Douleurs intenses et nuits blanches
Le coup est rude pour le joueur de Saint-Étienne, qui continue malgré la douleur qui s'accentue. "Je ne pouvais plus faire ni footing ni musculation. Dès le mercredi, je prenais des anti-inflammatoires trois fois par jour et, le weekd-end, je jouais sous infiltration", poursuit-il. Pour autant, son entraîneur et les joueurs ne le lâchent pas. Le coach, Christophe Galtier, ne l'a jamais écarté du groupe, même quand il ne pouvait plus jouer, le faisant entrer quelques minutes en fin de match. Le 3 novembre 2012, il offre même le but de la victoire à l'un de ses partenaires face au Paris Saint-Germain, avant que Zlatan Ibrahimovic ne disjoncte.

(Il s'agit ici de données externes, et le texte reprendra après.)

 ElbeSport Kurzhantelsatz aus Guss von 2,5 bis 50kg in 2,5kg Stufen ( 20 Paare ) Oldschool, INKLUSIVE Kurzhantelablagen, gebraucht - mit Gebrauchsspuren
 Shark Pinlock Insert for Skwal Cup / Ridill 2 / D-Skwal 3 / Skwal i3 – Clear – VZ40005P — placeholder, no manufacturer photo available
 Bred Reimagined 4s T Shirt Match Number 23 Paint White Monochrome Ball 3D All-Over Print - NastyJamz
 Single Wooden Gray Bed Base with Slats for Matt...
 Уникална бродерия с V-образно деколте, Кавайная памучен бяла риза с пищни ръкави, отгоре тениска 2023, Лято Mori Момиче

Son avant-dernière rencontre. Le match suivant, Alejandro Alonso écope de deux cartons jaunes synonymes d'expulsion en moins d'une minute. "J'étais énervé, je n'y arrivais plus", reconnaît-il aujourd'hui. On lui conseille de consulter un psychologue, lui préfère voir d'autres médecins. Sans résultats. Jusqu'au 13 janvier dernier, où la médecine du travail le déclare inapte au métier de footballeur. Un choc. Brutalement, le jeune trentenaire se voit contraint d'arrêter ce qu'il a toujours fait, jouer au football. Dans la foulé, Sainté lui propose une reconversion avant de finalement le licencier. Pour autant, pas question de laisser un joueur en difficulté. L'ASSE lui offre d'intégrer sa cellule de recrutement. Quand il sera prêt. "Je remercie le club, qui est très gentil avec moi, mais, aujourd'hui, je ne m'en sens pas la force, confie-t-il à L'Équipe. Cela fait six mois que je n'ai pas fait une nuit. C'est incroyable ! J'ai été obligé de réduire les anti-inflammatoires à cause des diarrhées et des dégâts provoqués. A forte dose, ils sont plus toxiques que l'alcool et la cigarette. Je compense en me couchant très tard. Mais la douleur me réveille toujours la nuit. Je me lève, je marche dans la maison, un verre d'eau à la main, je zappe devant la télévision et je me recouche."
Kiné et traitement lourd
Depuis, Alejandro Alonso ne suit plus les Verts. Son casier du centre d'entraînement est toujours plein de ses affaires. Les mots lui manquent encore aujourd'hui pour s'adresser à ses partenaires, qui prennent régulièrement de ses nouvelles. Quelques textos d'encouragements ou de félicitations de temps en temps envoyés à ses anciens partenaires. En mars, il ajoutera à ses trois séances de kiné hebdomadaires un traitement anti-TNF de un à deux ans, sorte de chimiothérapie très lourde mais efficace. "Je sais que je ne guérirai pas. Toute ma vie sera désormais ainsi. Je me console en me disant que je ne souffre pas d'un cancer incurable et que je ne devrais pas me retrouver paralysé à cinquante ans", souffle-t-il, visiblement fatigué, aussi bien physiquement que moralement. Pour lui, le sport est terminé, sous toutes ses formes. Et c'est peut-être ça le plus dur.